MIAMI-DADE COUNTY, Fla. – Parts of Florida's Everglades are so waterlogged that deer, wading birds and other animals are running out of dry ground.
State officials said heavy rains this month have left water levels 2 feet higher than normal in the wetlands in western Broward and Miami-Dade counties. The water levels top 11 feet in some places.
Wooded "tree islands" usually offer animals dry refuge when water levels in the Everglades are high. But Florida Fish and Wildlife Conservation Commissioner Ron Bergeron said those islands are now under water.
The flooding is so bad that the Florida Department of Environmental Protection issued an emergency order allowing the South Florida Water Management District to take unprecedented measures to try and draw it down.
"With 20 inches of rain from June the 1st to June the 8th, the Everglades raised dramatically 2 feet above normal operation," Bergeron said.
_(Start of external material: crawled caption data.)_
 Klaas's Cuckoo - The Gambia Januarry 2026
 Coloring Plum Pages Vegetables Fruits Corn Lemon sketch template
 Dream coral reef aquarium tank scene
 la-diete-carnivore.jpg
Bergeron took reporters Thursday to a deer island to show how high the water is and how deadly it can be for much of the native wildlife.
"All of your fur-bearing animals, which you have coons and possums and rabbits, deer, bobcats and even panthers are in this region. This is their refuge in the rainy season," Bergeron said.
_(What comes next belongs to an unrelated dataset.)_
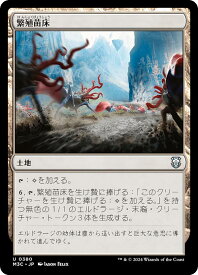 card_300191_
Drone video shows how much water has made its way into the Everglades. Areas normally a few inches deep are now a few feet deep, so gates and levees that normally are never open are wide open, hoping to draw down the water and avoid a massive wildlife kill like the Everglades saw in 1994.
"The danger is we have 16 endangered species that live in the Everglades out here," Bergeron said.
There are hundreds of what are called "deer islands" in the Everglades that were built thousands of years ago by Native Americans.
The state agency that oversees Everglades restoration is pumping water into Lake Okeechobee and into the Atlantic Ocean to relieve the flooding.
The U.S. Army Corps of Engineers also is flushing water into drier areas of Everglades National Park.
Recreational activities have been suspended in certain areas so wildlife seeking refuge are not stressed out.